→ **Activity**: Once you have checked each line below for the word "Golden", give the number of lines that have it and nothing further.

Crawled caption data:
──────────
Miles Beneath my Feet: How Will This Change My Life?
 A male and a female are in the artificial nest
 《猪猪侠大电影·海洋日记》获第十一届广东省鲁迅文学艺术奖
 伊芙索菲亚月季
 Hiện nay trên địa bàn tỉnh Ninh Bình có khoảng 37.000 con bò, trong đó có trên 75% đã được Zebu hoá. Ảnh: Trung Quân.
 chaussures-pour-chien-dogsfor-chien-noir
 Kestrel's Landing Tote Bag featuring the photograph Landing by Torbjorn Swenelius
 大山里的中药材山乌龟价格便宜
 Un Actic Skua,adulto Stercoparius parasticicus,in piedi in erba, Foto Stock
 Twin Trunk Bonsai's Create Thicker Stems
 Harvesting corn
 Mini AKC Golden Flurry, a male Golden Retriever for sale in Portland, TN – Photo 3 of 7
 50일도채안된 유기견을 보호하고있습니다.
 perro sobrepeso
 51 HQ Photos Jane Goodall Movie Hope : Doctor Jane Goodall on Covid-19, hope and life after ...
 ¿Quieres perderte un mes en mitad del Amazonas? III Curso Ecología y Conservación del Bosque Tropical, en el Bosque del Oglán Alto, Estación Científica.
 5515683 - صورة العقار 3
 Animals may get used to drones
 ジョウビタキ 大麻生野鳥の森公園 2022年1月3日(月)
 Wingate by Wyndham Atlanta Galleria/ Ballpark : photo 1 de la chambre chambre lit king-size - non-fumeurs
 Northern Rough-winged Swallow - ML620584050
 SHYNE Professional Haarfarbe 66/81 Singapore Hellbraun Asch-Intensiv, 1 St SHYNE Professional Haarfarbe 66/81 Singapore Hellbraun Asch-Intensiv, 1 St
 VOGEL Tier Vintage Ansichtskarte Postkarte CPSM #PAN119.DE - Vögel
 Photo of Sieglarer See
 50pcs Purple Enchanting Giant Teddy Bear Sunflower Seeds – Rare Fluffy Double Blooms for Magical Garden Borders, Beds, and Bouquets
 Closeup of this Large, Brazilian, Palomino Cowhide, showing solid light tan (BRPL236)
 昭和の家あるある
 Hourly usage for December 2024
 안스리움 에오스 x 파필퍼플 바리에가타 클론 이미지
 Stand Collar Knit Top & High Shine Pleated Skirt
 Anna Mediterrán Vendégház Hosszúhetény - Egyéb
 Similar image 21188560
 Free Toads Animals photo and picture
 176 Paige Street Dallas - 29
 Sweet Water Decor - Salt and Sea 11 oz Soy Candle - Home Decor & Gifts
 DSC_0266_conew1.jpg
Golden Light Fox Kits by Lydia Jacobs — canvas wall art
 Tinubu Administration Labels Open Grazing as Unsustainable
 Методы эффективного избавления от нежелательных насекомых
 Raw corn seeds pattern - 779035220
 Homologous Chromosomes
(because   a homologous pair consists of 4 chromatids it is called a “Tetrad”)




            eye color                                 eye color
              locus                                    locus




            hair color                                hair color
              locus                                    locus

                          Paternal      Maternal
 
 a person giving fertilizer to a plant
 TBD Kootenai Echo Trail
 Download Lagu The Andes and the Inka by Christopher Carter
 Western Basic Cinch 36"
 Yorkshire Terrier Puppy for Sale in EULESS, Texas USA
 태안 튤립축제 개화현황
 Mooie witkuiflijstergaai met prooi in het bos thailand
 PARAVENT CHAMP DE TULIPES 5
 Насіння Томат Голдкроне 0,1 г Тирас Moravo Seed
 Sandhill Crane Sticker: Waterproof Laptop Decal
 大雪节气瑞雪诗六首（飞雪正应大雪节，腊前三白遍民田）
──────────
→ **Answer section**: 2